(What you need to do): The expected output is an exact restatement of all the records.

Saved data entries:
⟨

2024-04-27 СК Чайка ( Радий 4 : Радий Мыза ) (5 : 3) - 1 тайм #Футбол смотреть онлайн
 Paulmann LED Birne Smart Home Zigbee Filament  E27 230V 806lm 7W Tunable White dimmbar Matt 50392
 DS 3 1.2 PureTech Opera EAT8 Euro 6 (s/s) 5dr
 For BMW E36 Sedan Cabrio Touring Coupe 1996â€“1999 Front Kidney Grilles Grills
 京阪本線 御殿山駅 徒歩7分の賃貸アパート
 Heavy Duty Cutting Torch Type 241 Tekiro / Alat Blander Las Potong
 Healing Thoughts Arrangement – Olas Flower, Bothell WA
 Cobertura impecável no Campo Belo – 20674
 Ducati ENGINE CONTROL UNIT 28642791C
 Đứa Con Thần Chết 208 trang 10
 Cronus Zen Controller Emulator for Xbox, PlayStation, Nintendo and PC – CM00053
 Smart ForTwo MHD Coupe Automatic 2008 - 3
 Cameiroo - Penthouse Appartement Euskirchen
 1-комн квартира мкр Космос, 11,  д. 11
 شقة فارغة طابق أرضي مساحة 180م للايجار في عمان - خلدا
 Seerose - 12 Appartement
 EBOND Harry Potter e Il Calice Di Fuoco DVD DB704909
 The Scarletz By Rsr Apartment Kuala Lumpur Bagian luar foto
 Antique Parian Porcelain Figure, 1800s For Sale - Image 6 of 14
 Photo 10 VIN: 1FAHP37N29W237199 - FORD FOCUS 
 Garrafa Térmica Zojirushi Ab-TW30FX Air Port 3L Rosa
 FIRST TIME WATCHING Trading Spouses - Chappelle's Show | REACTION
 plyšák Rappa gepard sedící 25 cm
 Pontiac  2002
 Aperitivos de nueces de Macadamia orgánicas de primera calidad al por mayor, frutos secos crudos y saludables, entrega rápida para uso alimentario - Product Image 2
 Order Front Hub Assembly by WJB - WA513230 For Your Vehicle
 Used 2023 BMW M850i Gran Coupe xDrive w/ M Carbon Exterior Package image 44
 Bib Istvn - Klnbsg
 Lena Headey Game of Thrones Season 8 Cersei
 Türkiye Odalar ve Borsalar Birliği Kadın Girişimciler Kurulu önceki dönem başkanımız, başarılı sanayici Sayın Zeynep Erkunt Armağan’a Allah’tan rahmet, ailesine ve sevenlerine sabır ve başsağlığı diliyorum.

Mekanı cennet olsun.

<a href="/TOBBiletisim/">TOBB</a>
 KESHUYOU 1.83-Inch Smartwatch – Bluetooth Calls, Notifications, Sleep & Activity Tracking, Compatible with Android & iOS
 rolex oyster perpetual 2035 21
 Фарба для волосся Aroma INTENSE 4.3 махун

⟩

(Exercise result):
2024-04-27 СК Чайка ( Радий 4 : Радий Мыза ) (5 : 3) - 1 тайм #Футбол смотреть онлайн
 Paulmann LED Birne Smart Home Zigbee Filament  E27 230V 806lm 7W Tunable White dimmbar Matt 50392
 DS 3 1.2 PureTech Opera EAT8 Euro 6 (s/s) 5dr
 For BMW E36 Sedan Cabrio Touring Coupe 1996â€“1999 Front Kidney Grilles Grills
 京阪本線 御殿山駅 徒歩7分の賃貸アパート
 Heavy Duty Cutting Torch Type 241 Tekiro / Alat Blander Las Potong
 Healing Thoughts Arrangement – Olas Flower, Bothell WA
 Cobertura impecável no Campo Belo – 20674
 Ducati ENGINE CONTROL UNIT 28642791C
 Đứa Con Thần Chết 208 trang 10
 Cronus Zen Controller Emulator for Xbox, PlayStation, Nintendo and PC – CM00053
 Smart ForTwo MHD Coupe Automatic 2008 - 3
 Cameiroo - Penthouse Appartement Euskirchen
 1-комн квартира мкр Космос, 11,  д. 11
 شقة فارغة طابق أرضي مساحة 180م للايجار في عمان - خلدا
 Seerose - 12 Appartement
 EBOND Harry Potter e Il Calice Di Fuoco DVD DB704909
 The Scarletz By Rsr Apartment Kuala Lumpur Bagian luar foto
 Antique Parian Porcelain Figure, 1800s For Sale - Image 6 of 14
 Photo 10 VIN: 1FAHP37N29W237199 - FORD FOCUS 
 Garrafa Térmica Zojirushi Ab-TW30FX Air Port 3L Rosa
 FIRST TIME WATCHING Trading Spouses - Chappelle's Show | REACTION
 plyšák Rappa gepard sedící 25 cm
 Pontiac  2002
 Aperitivos de nueces de Macadamia orgánicas de primera calidad al por mayor, frutos secos crudos y saludables, entrega rápida para uso alimentario - Product Image 2
 Order Front Hub Assembly by WJB - WA513230 For Your Vehicle
 Used 2023 BMW M850i Gran Coupe xDrive w/ M Carbon Exterior Package image 44
 Bib Istvn - Klnbsg
 Lena Headey Game of Thrones Season 8 Cersei
 Türkiye Odalar ve Borsalar Birliği Kadın Girişimciler Kurulu önceki dönem başkanımız, başarılı sanayici Sayın Zeynep Erkunt Armağan’a Allah’tan rahmet, ailesine ve sevenlerine sabır ve başsağlığı diliyorum.

Mekanı cennet olsun.

<a href="/TOBBiletisim/">TOBB</a>
 KESHUYOU 1.83-Inch Smartwatch – Bluetooth Calls, Notifications, Sleep & Activity Tracking, Compatible with Android & iOS
 rolex oyster perpetual 2035 21
 Фарба для волосся Aroma INTENSE 4.3 махун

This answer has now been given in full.